Jay Shafer, the mastermind behind Tumbleweed, designs houses that you can buy as plans or as a kit that you assemble on site. Ranging from 150 sf to 600 sf, his little houses make the most efficient use of space. While one might think of these houses as a weekend getaway or a part time cottage, bear in mind that Shafer himself lives in one of his creations that's only 100 sf. (One of his house designs is a 40 sf trailer.)
His work inspires me. When I see these gems of house plans, it makes me think of architect and author of The Not So Big House, Sarah Susanka. In her book, she described the fantastic house plans that she and her designer husband shopped around to get a loan to build it. Designed for the way they truly lived, it really made the best of every square foot and put more cost into good design and details than into gross square footage. Their bank turned them down for a loan. The reason? Their house plans showed no formal dining room. This was explained to Susanka when she spoke to the bank manager. But like a really good architect, she got the manager to talk about his own house, which had him eventually confessing that every party his family had managed to wind up in the kitchen around the breakfast bar while the large, formal dining room was simply a place to hold food and beverages. Same thing for meals with the family: either in front of the TV or in the breakfast nook by the kitchen. Upon realizing his confession, the bank manager approved Susanka's construction loan.
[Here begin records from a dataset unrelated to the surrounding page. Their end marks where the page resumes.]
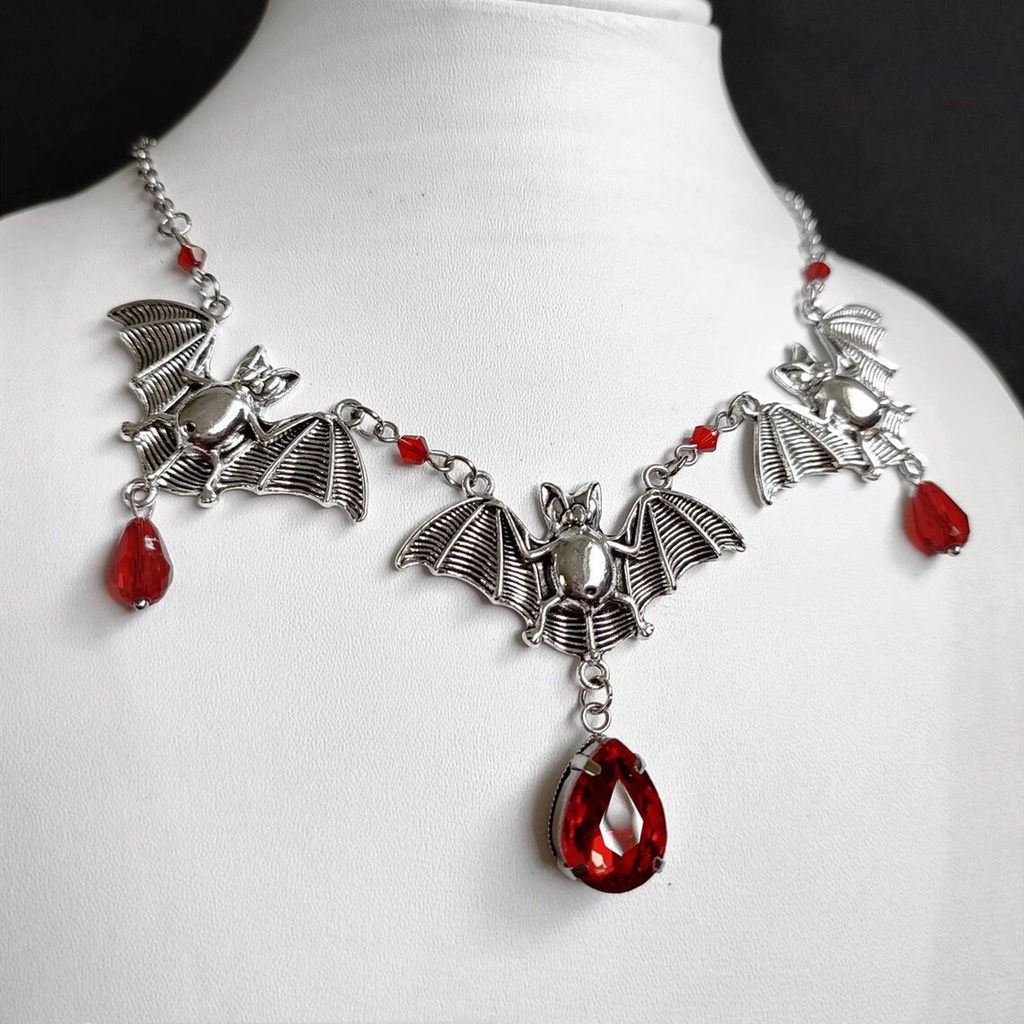 - Vòng cổ dơi gothic mặt đá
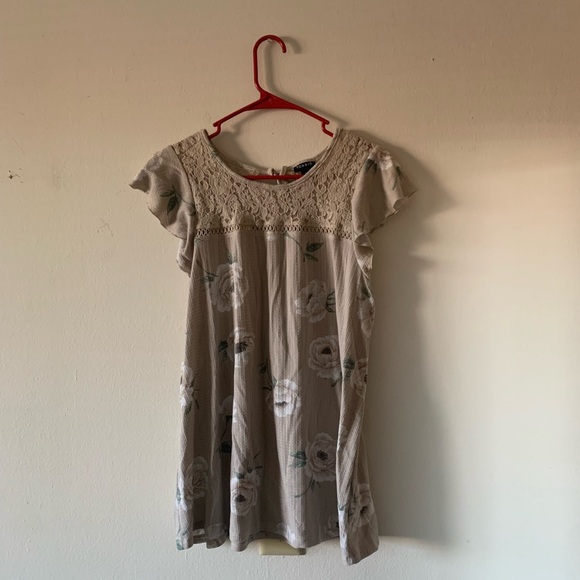 Torrid Gray Tan Babydoll Top with Flutter Sleeves - Picture 1 of 5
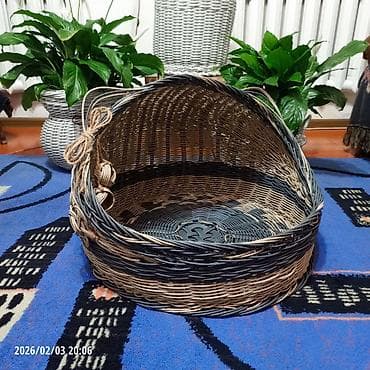 дом для котят: Плетеная лежанка для кошек, выполненная в форме головы кошки с ушками — 10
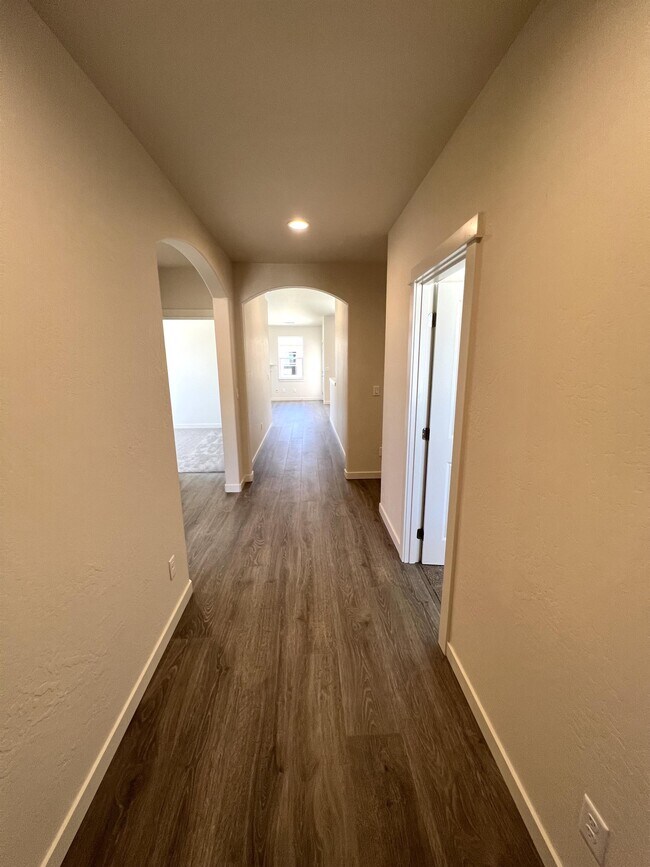 Building Photo - 1658 Dragon Tail Pl
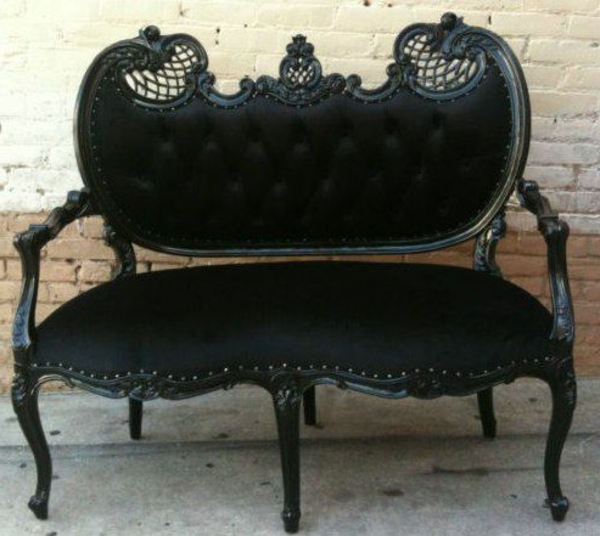 ελκυστική σχεδίαση-από-μαύρο-gothic-καναπέ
In many housing lot developments in the Rocky Mountains, especially those located near ski resorts, each lot purchase comes with a minimum required square footage of any domicile built on the lot. Translation: even if your family could spend a week in the mountains in 600 sf, you might be required to build at least twice that amount of space. Now, granted there's some method to this madness, as homes of a certain size tend to cost a certain amount and would then keep the whole development's property values up. And granted, if you can afford a nice piece of mountain real estate, you can afford to build a dry-stack stone-and-timber McMansion with high gables and a high-six to low-seven-figure price tag. But at the same time, this rule requires that people use more natural resources than necessary in order to build structures in which they spend less than a quarter of their time.
So, some things to think about this weekend as you stroll around your own domicile:
- Think about how much time you spend in what rooms in your house. How much smaller could your own home be if, say, a kitchenette was moved into your den?
- Do you need more space or just less stuff?
- The average home in Tokyo, Japan in 2003 was 710 sf. 30% of those homes are detached housing (meaning not an apartment). Most of the industrialized world lives in smaller homes that the U.S. does. How would you and your family live in that much space?
- Measure the room in your home in which you spend most of your time. Multiply width by length for the area in square feet. You already spend most of your time in that size space. What would make that room work better? A futon instead of a sofa? Shelves above head height for seasonal decorations or things you don't use more often than once a month?